I think it was Sailing World or U.S. Sailing in conjunction with Boat U.S. The article I read 4 to 5 years ago was that this team went through all the latest and, thought to be the best strategies for M.O.B. drills. What they discovered 100% of the time was that the seemingly best drills in theory were not all that effective in practice.  The most revealing part of the exercise was that crew aboard the boat could fairly effectively get back to the person in the water the critical issue was getting them back on board once they were reconnected again. Almost all forms of the accepted practice methods failed to recover the MOB back inside the boat in anything approaching a timely fashion. The article surprisingly summed up the situation with "do everything possible to stay on the boat or at least connected to the boat but still above the water line". 

  

My belief is that MOB drills should be performed with a true MOB and not just trying to sail back to a throwable cushion. None of us can imagine the difficulty of getting back on board or getting someone else back on board until we actually try to do it for REAL. Also realize that what you could do twenty years ago you might have difficulty doing tomorrow even to save your own life. Practice for REAL and more often than every five years. When I was racing Dinghys on a regular basis I could recover from a capsize pretty effeciently and continue on with the race. Today ten years later would be an entirely other story. Practicing for real the MOB will give you first hand knowledge of what works and what does not. Better yet it puts you in the actual situation and that real experience may be what saves your life. 

  

I agree that this has been a very useful thread. I have heard of sailors towing a line with loops tied in place so it would be easier to climb the loops back to the boat and also back on board. Any thoughts? 

  

Michael #133 



----- Original Message -----




From: "richard hazlegrove" <richard.hazlegrove at wellsfargo.com> 
To: public-list at lists.alberg30.org 
Sent: Tuesday, June 5, 2012 4:42:55 PM 
Subject: Re: [Public-List] going solo 

To Chris's comment about how fast the boat must go before it becomes impossible to re-board;  I recall some years ago that one of the sailing magazines - Practical Sailor? - performed a series of tests with strong swimmers and Coast Guard supervision.

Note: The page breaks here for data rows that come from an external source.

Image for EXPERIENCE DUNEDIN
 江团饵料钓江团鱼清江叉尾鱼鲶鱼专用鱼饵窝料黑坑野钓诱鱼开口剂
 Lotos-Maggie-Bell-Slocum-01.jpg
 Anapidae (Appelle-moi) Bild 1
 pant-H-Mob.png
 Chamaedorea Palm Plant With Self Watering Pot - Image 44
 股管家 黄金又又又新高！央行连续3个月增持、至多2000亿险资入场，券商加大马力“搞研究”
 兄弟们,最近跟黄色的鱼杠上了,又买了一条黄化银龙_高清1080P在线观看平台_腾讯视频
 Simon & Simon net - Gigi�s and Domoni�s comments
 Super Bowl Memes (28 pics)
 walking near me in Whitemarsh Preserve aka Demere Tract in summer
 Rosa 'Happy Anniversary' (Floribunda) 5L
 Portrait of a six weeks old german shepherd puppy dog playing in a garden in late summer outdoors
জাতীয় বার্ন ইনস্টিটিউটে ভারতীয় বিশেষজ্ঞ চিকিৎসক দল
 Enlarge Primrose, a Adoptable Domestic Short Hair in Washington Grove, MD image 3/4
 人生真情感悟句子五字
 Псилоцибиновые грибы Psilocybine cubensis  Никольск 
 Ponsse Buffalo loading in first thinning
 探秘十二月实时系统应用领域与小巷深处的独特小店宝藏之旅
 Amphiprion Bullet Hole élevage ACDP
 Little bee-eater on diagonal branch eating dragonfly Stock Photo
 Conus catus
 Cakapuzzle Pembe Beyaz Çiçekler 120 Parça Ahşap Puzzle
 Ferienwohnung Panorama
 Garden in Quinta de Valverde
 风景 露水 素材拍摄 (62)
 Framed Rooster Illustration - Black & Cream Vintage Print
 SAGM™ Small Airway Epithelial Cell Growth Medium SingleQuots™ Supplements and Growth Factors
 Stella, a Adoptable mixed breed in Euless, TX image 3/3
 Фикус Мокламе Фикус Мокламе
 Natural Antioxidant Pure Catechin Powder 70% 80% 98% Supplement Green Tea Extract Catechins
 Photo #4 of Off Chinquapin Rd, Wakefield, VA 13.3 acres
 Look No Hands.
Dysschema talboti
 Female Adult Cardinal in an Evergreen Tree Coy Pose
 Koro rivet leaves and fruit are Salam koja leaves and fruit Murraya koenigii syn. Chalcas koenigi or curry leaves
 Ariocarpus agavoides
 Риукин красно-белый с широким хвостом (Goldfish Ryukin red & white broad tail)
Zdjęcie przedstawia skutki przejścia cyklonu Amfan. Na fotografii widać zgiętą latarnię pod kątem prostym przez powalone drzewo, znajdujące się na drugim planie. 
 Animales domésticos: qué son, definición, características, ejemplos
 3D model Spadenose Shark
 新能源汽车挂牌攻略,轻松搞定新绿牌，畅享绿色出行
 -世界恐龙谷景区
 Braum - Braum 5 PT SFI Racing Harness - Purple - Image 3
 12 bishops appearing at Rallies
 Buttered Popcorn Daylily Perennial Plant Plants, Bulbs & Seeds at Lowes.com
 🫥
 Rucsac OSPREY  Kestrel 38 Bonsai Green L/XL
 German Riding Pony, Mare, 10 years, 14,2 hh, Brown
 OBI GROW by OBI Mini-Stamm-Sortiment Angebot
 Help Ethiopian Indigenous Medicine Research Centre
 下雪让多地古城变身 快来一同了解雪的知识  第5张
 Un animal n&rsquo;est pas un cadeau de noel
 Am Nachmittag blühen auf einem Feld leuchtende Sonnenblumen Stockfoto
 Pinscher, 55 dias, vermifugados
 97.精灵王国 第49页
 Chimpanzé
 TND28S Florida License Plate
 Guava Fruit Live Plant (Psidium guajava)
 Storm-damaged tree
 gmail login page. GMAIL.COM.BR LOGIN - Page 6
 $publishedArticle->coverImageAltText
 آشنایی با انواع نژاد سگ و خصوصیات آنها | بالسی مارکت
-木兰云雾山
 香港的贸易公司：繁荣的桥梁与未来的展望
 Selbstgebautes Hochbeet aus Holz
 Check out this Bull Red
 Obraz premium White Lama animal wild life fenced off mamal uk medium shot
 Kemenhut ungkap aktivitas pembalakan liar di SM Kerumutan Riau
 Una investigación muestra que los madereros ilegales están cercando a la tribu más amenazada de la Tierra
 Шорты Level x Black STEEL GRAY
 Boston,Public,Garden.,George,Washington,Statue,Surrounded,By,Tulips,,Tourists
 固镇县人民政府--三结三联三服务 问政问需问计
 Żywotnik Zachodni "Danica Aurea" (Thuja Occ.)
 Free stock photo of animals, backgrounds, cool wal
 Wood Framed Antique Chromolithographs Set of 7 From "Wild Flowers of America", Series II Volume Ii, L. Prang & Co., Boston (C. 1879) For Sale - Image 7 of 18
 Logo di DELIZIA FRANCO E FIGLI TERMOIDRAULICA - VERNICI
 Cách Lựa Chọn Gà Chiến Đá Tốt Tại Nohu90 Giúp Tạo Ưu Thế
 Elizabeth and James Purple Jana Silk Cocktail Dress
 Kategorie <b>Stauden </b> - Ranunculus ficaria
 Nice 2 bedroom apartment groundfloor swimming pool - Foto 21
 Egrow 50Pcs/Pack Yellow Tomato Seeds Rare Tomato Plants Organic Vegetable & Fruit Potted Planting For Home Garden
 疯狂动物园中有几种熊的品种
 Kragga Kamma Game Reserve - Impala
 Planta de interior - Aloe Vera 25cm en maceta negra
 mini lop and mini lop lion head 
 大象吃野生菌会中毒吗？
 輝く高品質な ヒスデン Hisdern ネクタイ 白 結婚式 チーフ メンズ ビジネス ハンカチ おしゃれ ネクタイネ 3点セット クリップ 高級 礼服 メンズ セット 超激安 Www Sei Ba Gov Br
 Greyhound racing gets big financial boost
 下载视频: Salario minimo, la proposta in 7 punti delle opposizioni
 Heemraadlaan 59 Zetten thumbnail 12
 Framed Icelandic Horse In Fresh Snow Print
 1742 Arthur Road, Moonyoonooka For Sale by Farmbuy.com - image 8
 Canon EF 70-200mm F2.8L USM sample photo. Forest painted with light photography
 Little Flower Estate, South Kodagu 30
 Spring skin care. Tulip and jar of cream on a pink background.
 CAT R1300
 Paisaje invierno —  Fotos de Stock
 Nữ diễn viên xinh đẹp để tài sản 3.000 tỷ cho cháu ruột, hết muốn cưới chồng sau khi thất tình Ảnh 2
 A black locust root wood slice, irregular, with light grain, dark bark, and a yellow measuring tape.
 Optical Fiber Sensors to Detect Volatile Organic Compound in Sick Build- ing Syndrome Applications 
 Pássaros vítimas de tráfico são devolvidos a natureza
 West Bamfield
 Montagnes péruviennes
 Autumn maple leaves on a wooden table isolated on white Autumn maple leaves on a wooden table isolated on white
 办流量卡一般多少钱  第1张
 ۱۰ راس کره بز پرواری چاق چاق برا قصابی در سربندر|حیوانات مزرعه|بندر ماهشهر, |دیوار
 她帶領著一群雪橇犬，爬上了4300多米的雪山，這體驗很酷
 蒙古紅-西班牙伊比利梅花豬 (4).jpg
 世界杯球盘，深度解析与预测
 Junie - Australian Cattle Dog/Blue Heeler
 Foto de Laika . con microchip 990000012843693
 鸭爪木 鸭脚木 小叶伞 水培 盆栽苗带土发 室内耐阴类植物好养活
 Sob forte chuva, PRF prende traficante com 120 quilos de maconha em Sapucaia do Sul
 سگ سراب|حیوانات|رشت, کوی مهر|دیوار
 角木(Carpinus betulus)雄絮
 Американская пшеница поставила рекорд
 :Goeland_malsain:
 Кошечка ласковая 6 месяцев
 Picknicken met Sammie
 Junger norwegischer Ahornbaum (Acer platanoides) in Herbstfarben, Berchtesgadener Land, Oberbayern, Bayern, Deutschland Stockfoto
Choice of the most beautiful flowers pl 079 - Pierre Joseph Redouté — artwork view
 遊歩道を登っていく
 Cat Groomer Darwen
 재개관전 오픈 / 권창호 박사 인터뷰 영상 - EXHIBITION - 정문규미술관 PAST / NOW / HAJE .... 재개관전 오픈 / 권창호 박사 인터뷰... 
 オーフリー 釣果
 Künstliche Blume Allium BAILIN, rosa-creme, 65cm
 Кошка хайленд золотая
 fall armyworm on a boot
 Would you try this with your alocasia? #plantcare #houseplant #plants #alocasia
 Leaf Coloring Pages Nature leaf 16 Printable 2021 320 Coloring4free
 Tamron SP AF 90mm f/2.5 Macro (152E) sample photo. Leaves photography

They determined that the maximum boat speed was very low for these swimmers to pull their way back to the transom using a line dragging in the water. If I recall correctly, at anything above about two knots, one had to be in very good shape to do this.  Above three knots these athletic swimmers could not do it. I concluded that this was not much of a strategy in anything other than light air sailing.  Certainly not in conditions that had made me want to drag a line.  Better to figure out a way to disengage the autopilot and hope the boat rounds up.